Friday, 2 February 2018

Phil Wheatley on Prison Crisis

Continuing with our theme of evidence to the Justice Committee's TR inquiry, yesterday's blog post flushed out mention of Phil Wheatley of NOMS fame and in particular a piece he wrote for the Guardian in December 2016 that we don't seem to have covered before. So, thanks go to the reader for bringing it to our attention and this is what he had to say:-   

It took years of Tory cuts and wild policy swings to create this prisons crisis

The situation in jails is now so bad it can be resolved only by a prolonged period of stability and investment, and allowing managers to do their jobs.

The current crisis in our prisons is a matter of deep concern. It is an indictment of government policy in recent years, and will not be easily put right. It is vital that politicians understand and address what led us here if it is to be repaired. Without that, the crisis will deepen – with inevitable and dire consequences for prisoners, staff and the public.

I retired as chief executive of the National Offender Management Service (Noms) and director general of the Prison Service in June 2010, at which point the service was performing strongly. Suicides, escapes and serious incidents of disorder were at an all-time low, and the published statistics showed there had been more than 10% improvement in reoffending since 2000.

This was achieved despite the distraction of significant organisational upheavals initiated by ministers as they created and then reformed the National Offender Management Service.

The government’s unwillingness to fund the increases in the prison population that were driven by their obsession with pursuing populist law and order policies also caused problems. Ministers saw no problem with overcrowding to dangerous levels despite advice on the risks, making it necessary for me to refuse outright to comply with their wishes.

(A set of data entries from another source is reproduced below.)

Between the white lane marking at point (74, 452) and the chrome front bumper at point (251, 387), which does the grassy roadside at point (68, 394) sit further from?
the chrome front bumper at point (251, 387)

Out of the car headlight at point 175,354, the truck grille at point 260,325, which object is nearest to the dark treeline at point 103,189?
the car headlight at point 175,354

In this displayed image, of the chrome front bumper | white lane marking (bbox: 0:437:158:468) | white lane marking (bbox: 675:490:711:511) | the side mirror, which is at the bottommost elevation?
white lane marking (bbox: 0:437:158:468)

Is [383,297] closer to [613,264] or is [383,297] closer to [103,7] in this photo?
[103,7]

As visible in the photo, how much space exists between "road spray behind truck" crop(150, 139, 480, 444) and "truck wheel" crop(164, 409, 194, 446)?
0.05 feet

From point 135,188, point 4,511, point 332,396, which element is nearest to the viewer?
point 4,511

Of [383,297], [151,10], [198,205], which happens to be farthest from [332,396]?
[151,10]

My successor, Michael Spurr, has faced even bigger challenges as a consequence of the severe budget reductions. This has been compounded by successive Conservative lord chancellors introducing their own radically different policies for prisons. Ken Clarke, the first lord chancellor in the coalition government, accepted a budget for justice that required substantial savings. He did so on the basis that it would be manageable if he both reduced the prison population and competitively tendered all public sector prisons over the lifetime of the government.

Just over two years later, David Cameron removed Clarke after political and tabloid press criticism of his proposals to reduce the prison population and his apparent unwillingness to be tough on prisoners.

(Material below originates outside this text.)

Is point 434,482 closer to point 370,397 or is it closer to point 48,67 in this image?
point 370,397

Chris Grayling came next, with a brief to toughen up prison conditions without reducing the numbers and with no additional funding. The competitive tendering process was immediately abandoned. In its place, Grayling announced a programme of significant reforms across the prison and probation service.

The plans threatened the stability and safety of prisons but they were essential to meet the short-term political objective of managing within the planned budget while not reducing the prison population and not attracting tabloid criticism in the run-up to the 2015 election. It is a tribute to the skill of the Noms leadership and management that it delivered what Grayling required.

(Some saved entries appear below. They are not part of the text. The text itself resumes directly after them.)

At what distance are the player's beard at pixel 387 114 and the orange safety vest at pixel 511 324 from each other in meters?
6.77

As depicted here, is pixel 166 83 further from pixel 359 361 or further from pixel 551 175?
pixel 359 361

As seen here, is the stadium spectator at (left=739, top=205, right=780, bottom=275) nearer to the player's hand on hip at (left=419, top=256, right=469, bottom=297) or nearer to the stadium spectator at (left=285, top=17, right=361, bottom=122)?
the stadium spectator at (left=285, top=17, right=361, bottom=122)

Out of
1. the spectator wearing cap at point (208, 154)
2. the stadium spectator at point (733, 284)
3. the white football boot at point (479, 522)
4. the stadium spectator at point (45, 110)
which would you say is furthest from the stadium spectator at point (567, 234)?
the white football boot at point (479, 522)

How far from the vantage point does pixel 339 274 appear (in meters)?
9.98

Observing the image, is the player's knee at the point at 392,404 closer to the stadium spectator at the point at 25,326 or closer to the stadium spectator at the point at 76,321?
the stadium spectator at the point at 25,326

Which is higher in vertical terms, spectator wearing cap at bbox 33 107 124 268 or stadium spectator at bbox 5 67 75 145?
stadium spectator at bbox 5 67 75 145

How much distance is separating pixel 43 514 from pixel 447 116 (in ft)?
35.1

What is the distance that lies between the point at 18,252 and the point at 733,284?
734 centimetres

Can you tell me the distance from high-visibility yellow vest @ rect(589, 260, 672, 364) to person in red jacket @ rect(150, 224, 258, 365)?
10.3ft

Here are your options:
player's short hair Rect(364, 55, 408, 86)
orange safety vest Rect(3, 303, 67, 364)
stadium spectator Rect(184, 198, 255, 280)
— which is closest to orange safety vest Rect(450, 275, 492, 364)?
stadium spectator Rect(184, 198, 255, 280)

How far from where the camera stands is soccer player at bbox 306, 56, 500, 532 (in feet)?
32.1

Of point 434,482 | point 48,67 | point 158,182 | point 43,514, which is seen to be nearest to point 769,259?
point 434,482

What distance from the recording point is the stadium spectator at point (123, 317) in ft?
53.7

He was succeeded by Michael Gove, who charmed penal reformers by rubbishing most of his predecessor’s policies and making clear he had no taste for firm, centralised management. Ignoring the predicament prisons were in, Gove’s seductive policy vision was of liberal treatment for prisoners and freedom for individual governors to do their own thing.

Yet another major reorganisation of Noms was required: the third such upheaval in five years. Gove, of course, was gone before he had to take responsibility for the disruption caused both by his abandonment of Grayling’s policies and his abject failure to engage with their consequences.

Liz Truss now has the misfortune to inherit the operational disaster that is the direct result of these continued budget reductions and wild swings in government policy. The policies pursued by her predecessors have led to the loss of experienced prison managers and staff, too few prison officers of any sort, wages that make it difficult to recruit and retain staff, and a reduction in privileges and access to treatment interventions and regime activities that have been corrosive for prisoners. The situation is now parlous and will only be resolved by a prolonged period of policy stability and investment. It will take years to put right.

It is to Truss’s credit that she has quickly recognised that prison staffing levels are too low to maintain safety or security. It remains to be seen whether she also understands that prisons work best when they are not subjected to fluctuating political whims and have strong, effective management.

So far she has proposed league tables, more budgetary freedom for prison governors and accountability for hitting agreed performance targets, all of which is sensible and marks a return to the system we operated prior to 2010.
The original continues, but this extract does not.